(EXERCISE PROMPT): Transcribe the whole listing without a single picture.

(DATA EXCERPT):
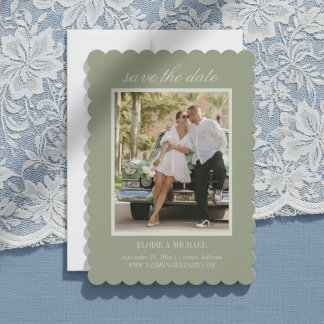 Save The Date Modern Script Sage Green Wedding Photo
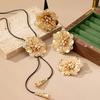 Retro Double Layer Large Flower Women's Necklace and Earrings Set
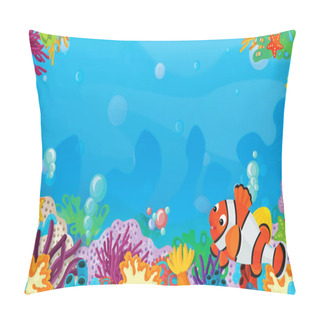 Personality  Cartoon Scene With Coral Reef With Happy And Cute Fish Swimming With Frame Space Text - Illustration For Children Pillow Covers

(RESPONSE TO THE TASK):
 Save The Date Modern Script Sage Green Wedding Photo
 Retro Double Layer Large Flower Women's Necklace and Earrings Set
 Personality  Cartoon Scene With Coral Reef With Happy And Cute Fish Swimming With Frame Space Text - Illustration For Children Pillow Covers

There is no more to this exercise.